Flyfishing with MacBrown Fly Fish
I’ve grown a lot as an angler since that day. I have worked as a casting instructor and flyfishing guide, rowed rafts and drift boats for clients, and traveled all over the United States and internationally in pursuit of trophy and sometimes obscure fish species. I am a lifetime learner and firmly believe that we can never truly master any one topic or sport, for there is always something new to learn. I would have considered myself an advanced fly angler until 3 weeks ago.
In September, my husband, Tyler, and I attended an Advanced Fly Casting Techniques workshop in Bryson City, NC under the instruction of Mac Brown. We signed up for this course with the ultimate goals of becoming better anglers and more efficient casters, catching more fish on our own trips, and one day achieving our Casting Instructor Certification through Fly Fishers International.
First, I must say that Mac Brown is a master of his craft. He’s an excellent and charismatic instructor with a larger-than-life personality. I participated fully in the weekend as a sponge, soaking up any and all information that I could in the time we spent at the casting school.
Mac teaches a grip and casting style that is more modern and scientifically backed to be more efficient, to send casts further, and to present flies better. However, his three-point grip with a 12-11 cast is very different from the traditional thumb-on-top grip with a 10-2 cast that many of us grew up learning, practicing, and using for our entire flyfishing lives.
The techniques he teaches translate well into all casting forms and styles including the traditional full cast, the roll cast, the single and double-haul, and other more advanced casts that have nuanced presentations. My attempts to coax my brain into ignoring 18 years of muscle memory and put into practice these new techniques have had mixed outcomes. Sometimes, I am successful and send a well-executed cast with the new-and-improved form that any sage fish would be duped by! Other times, I produce an incorrect pile of line and a presentation that would terrify even the most naïve fish.

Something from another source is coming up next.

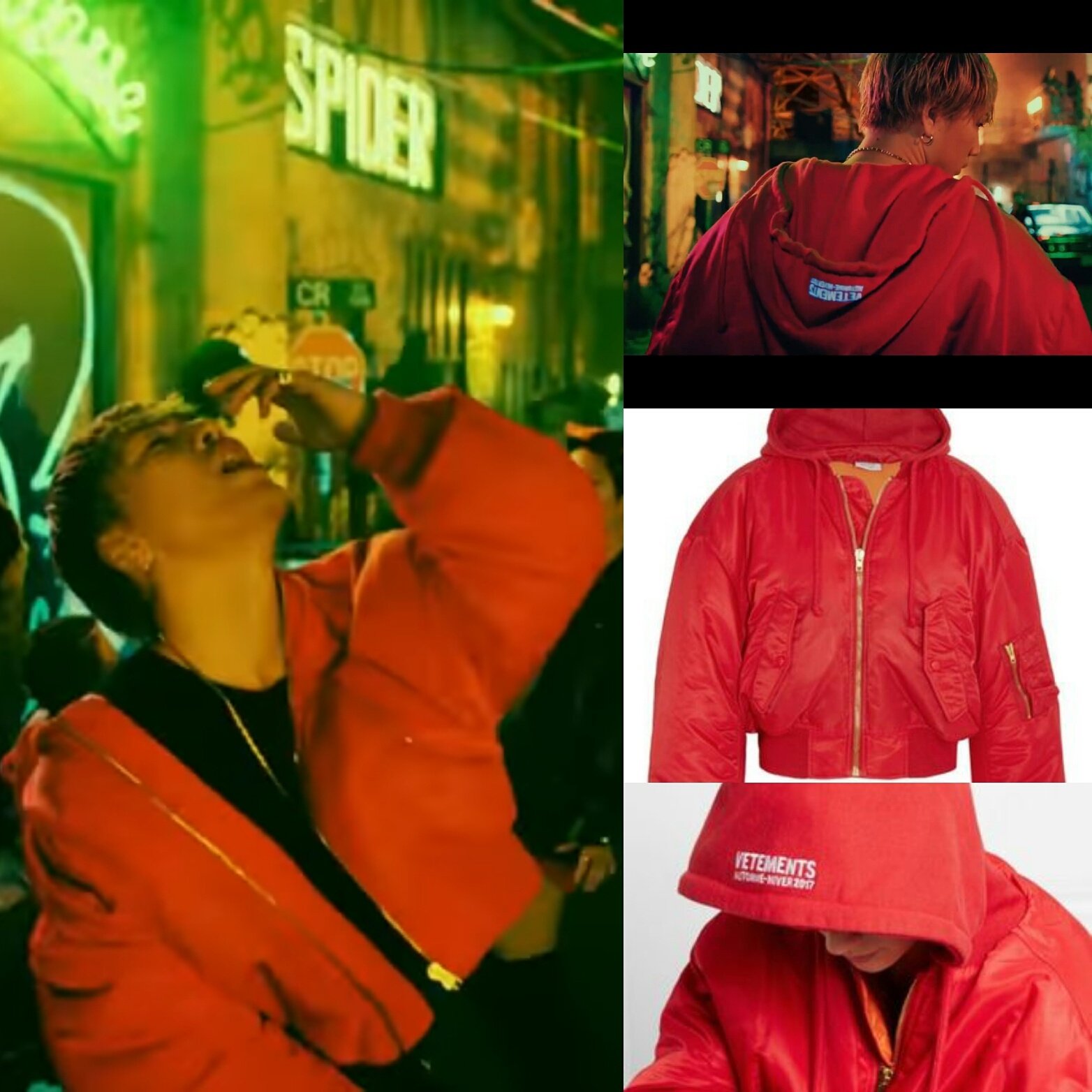 VETEMENTS レインコート　登坂広臣　着用モデル VETEMENTS 登坂広臣着用 ナイロンレインコート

Flyfishing Lessons Learned
Throughout the course, Mac reminded us that if, when we practice, we can produce one more good cast and one fewer poor cast each time, then we are headed in the right direction. I am so grateful for these words of wisdom in my flycasting practice. I arrived at the Advanced Fly Casting course excited and even a little nervous. I learned a TON, and I left humbled but motivated to be better. Although I have a long way to go to re-learning and transforming my flycast, I am still highly motivated by the goal of being a better caster and fisher. I love that flyfishing, a sport I hold so dear and have been practicing for the majority of my life, continues to teach me new lessons, humble me, and bring me joy when I throw that one more good cast.